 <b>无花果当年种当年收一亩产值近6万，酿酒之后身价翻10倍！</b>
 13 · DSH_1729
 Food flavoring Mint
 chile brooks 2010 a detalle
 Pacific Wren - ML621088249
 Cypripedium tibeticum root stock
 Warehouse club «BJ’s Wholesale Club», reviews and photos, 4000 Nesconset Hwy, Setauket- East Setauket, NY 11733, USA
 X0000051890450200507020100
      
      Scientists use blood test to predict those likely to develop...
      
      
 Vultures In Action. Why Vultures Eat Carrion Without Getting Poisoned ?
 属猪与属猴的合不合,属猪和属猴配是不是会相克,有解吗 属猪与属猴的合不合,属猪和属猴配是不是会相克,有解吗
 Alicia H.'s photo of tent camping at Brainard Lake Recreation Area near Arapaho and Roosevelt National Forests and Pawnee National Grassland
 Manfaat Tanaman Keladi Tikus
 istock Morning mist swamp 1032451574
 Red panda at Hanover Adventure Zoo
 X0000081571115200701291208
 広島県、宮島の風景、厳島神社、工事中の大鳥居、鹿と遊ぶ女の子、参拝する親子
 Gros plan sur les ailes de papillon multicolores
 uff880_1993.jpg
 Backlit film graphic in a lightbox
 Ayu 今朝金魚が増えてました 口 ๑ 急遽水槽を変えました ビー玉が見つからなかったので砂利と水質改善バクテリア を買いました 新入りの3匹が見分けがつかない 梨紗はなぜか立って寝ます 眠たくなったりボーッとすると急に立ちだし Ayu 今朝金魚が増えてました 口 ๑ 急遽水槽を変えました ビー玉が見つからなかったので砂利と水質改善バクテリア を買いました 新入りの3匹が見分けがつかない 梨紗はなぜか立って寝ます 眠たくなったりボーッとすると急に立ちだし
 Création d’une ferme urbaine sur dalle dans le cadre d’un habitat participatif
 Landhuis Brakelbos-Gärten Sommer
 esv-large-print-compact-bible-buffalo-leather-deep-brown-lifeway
──────
Work request: When you reach the line holding "istock Morning mist swamp 1032451574" in the records above, begin reproducing exactly, stop after the line holding "Backlit film graphic in a lightbox", and output nothing else.

Response below:
 istock Morning mist swamp 1032451574
 Red panda at Hanover Adventure Zoo
 X0000081571115200701291208
 広島県、宮島の風景、厳島神社、工事中の大鳥居、鹿と遊ぶ女の子、参拝する親子
 Gros plan sur les ailes de papillon multicolores
 uff880_1993.jpg
 Backlit film graphic in a lightbox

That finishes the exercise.